• EXERCISE DATA:
........
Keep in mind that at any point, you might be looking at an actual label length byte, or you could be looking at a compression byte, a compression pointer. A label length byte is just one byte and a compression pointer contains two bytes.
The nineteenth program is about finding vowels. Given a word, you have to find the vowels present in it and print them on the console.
........
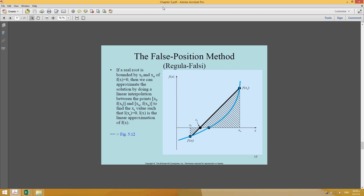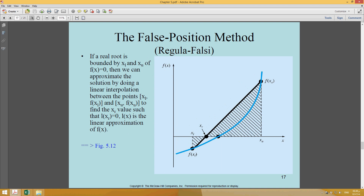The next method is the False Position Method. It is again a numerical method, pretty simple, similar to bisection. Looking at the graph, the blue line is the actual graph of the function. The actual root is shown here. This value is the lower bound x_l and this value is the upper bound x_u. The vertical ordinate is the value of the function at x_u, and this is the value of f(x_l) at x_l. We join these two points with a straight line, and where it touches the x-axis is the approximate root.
........
• WHAT YOU ARE ASKED TO DO: Your answer should consist of the lines from the line with "Keep in mind" to the line with "The nineteenth program" above, repeated exactly, both ends included.

• RESULT:
Keep in mind that at any point, you might be looking at an actual label length byte, or you could be looking at a compression byte, a compression pointer. A label length byte is just one byte and a compression pointer contains two bytes.
The nineteenth program is about finding vowels. Given a word, you have to find the vowels present in it and print them on the console.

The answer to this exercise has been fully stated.